Y es desde ahí, en el letargo de Montdevergues, donde Michèle Desbordes evoca “el tiempo de antes y el tiempo de después”, donde explora de una manera delicada y profunda los recuerdos y sentimientos de Camille Claudel.
El vestido azul es y no es la biografía novelada de una mujer bella y feroz que tuvo el don de “extraer de la arcilla, de la piedra, lo profundo y lo trágico de un sueño”. Los detalles de la vida de Camille están todos aquí para quien quiera jugar a reunirlos al final de la lectura.
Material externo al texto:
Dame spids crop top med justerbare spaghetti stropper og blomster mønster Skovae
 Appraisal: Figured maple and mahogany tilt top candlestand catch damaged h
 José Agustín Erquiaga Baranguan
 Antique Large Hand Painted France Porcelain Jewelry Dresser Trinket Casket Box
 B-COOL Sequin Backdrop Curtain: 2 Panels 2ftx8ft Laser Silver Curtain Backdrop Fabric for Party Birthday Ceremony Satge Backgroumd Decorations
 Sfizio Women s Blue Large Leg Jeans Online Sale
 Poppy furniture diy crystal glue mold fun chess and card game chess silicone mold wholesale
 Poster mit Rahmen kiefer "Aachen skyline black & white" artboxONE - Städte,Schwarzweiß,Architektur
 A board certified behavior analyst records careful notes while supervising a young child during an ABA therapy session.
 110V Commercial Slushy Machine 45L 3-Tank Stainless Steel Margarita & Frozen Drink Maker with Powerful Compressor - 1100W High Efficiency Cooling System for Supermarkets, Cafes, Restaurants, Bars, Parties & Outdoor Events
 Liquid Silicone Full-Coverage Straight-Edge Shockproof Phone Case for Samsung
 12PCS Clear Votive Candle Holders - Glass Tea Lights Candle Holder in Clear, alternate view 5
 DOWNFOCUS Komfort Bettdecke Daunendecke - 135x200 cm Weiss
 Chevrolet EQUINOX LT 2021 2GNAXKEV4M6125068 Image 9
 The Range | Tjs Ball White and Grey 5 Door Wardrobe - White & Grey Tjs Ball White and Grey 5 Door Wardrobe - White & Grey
Están la infancia en Villeneuve, la relación conflictiva con la madre y la cercanía con Paul, el traslado a París, la relación tormentosa con Rodin y los momentos febriles de creación, los talleres con sus localizaciones exactas, como el del quai Bourbon, donde su salud física y mental se acabaría quebrando. Pero las referencias van surgiendo como pinceladas dispersas, como base en la que cincelar una exploración psicológica del alma de Camille.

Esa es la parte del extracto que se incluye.